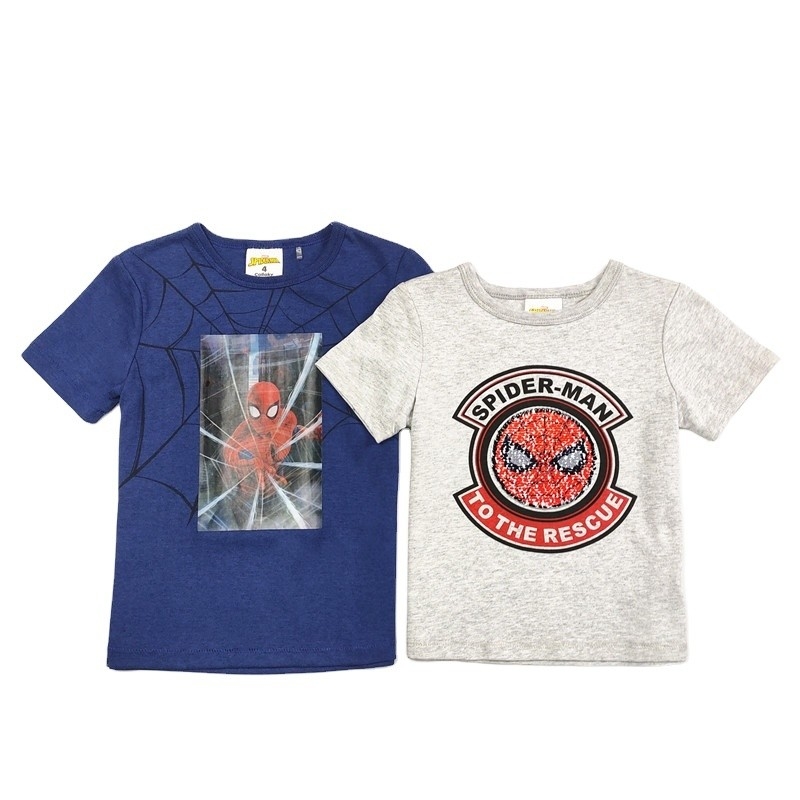 Sequin Glitter Spider-Man Print Kids T-Shirt Short Sleeve O-Neck Casual Children's Tee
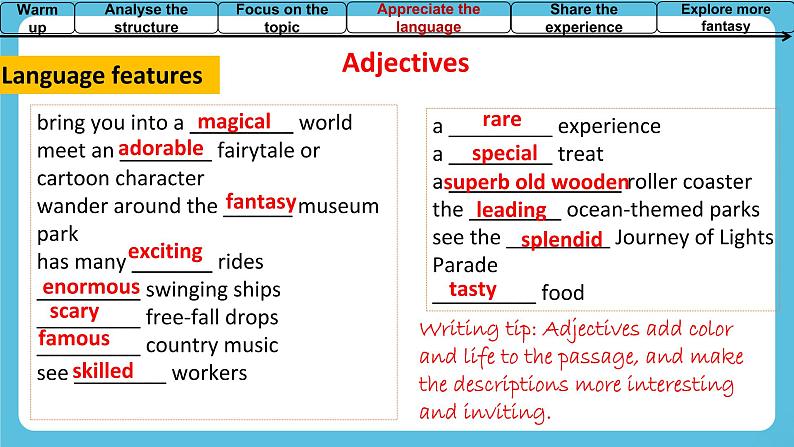 Unit 3Fascinating Parks Using Language1 课件06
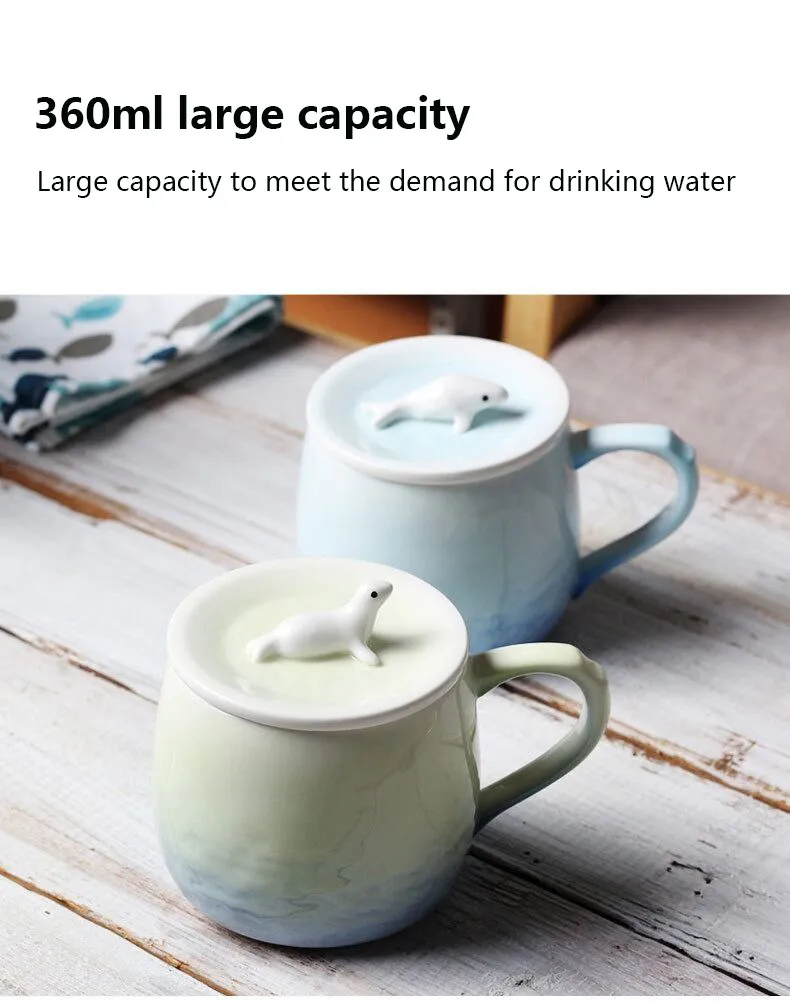 HOMIE lovely Gradient animal Cup Coffee Mug Large 300ml Whale With lid Mugs creative Drinkware Tea milk Cup Novelty Newlywed couple2_
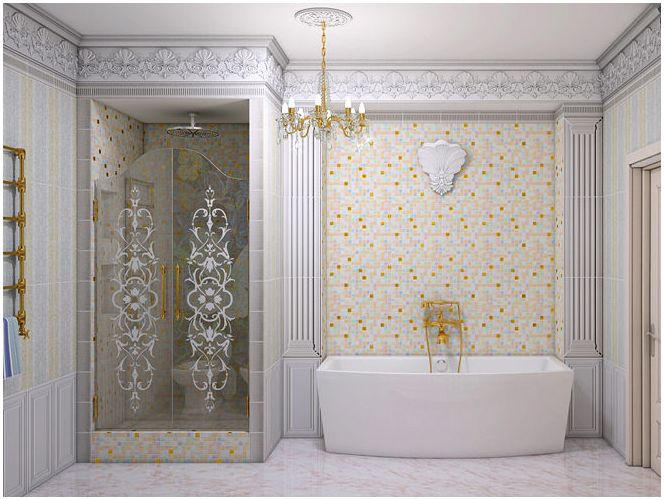 дизайн на баня с мозайки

Required action: The data above should be repeated in full and exactly, with no pictures carried over.

Problem solution:
 Sequin Glitter Spider-Man Print Kids T-Shirt Short Sleeve O-Neck Casual Children's Tee
 Unit 3Fascinating Parks Using Language1 课件06
 HOMIE lovely Gradient animal Cup Coffee Mug Large 300ml Whale With lid Mugs creative Drinkware Tea milk Cup Novelty Newlywed couple2_
 дизайн на баня с мозайки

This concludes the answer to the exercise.